GIVEN RECORDS —
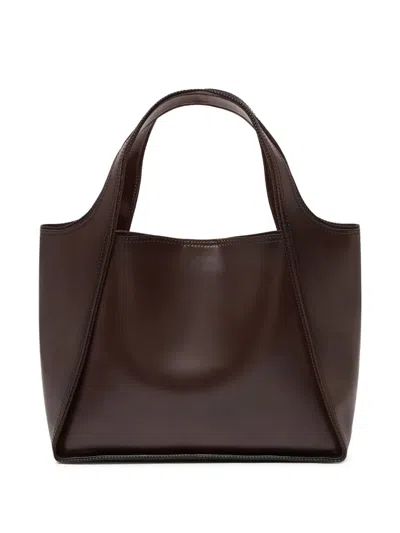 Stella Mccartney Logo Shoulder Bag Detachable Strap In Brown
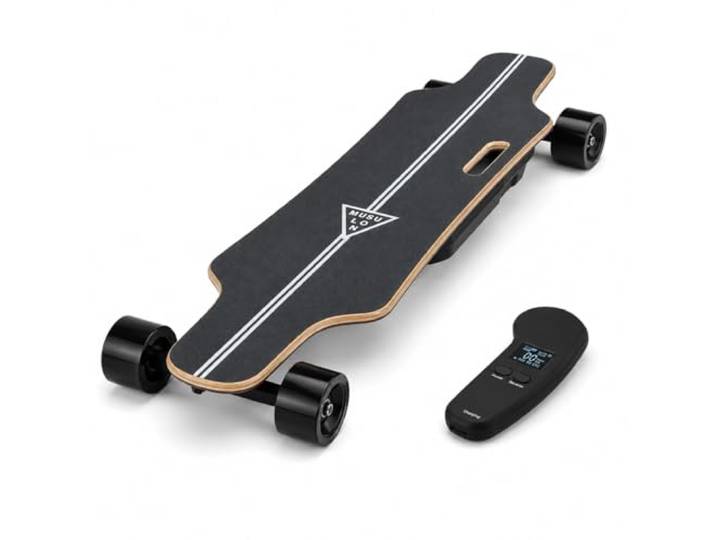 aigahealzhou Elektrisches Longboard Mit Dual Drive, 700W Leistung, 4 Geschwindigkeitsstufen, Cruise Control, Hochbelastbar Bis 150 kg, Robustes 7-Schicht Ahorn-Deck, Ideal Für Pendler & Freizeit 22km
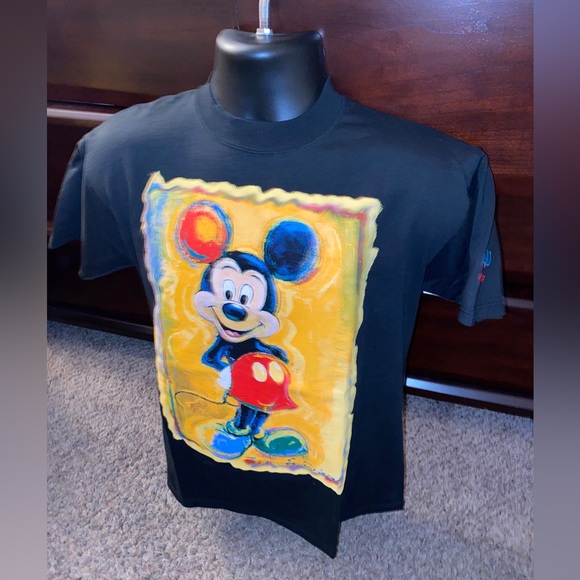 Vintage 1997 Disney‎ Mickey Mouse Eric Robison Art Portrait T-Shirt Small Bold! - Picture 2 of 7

* * *

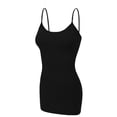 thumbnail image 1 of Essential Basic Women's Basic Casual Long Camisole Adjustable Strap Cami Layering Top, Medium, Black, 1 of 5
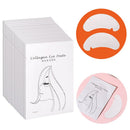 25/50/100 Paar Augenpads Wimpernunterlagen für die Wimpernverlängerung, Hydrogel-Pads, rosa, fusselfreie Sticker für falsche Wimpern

PROBLEM DESCRIPTION — Reproduce, word for word, only the lines in the records above from the line with "aigahealzhou Elektrisches Longboard" through the line with "Vintage 1997 Disney‎", including both ends; omit the pictures.

COMPLETED EXERCISE —
 aigahealzhou Elektrisches Longboard Mit Dual Drive, 700W Leistung, 4 Geschwindigkeitsstufen, Cruise Control, Hochbelastbar Bis 150 kg, Robustes 7-Schicht Ahorn-Deck, Ideal Für Pendler & Freizeit 22km
 Vintage 1997 Disney‎ Mickey Mouse Eric Robison Art Portrait T-Shirt Small Bold! - Picture 2 of 7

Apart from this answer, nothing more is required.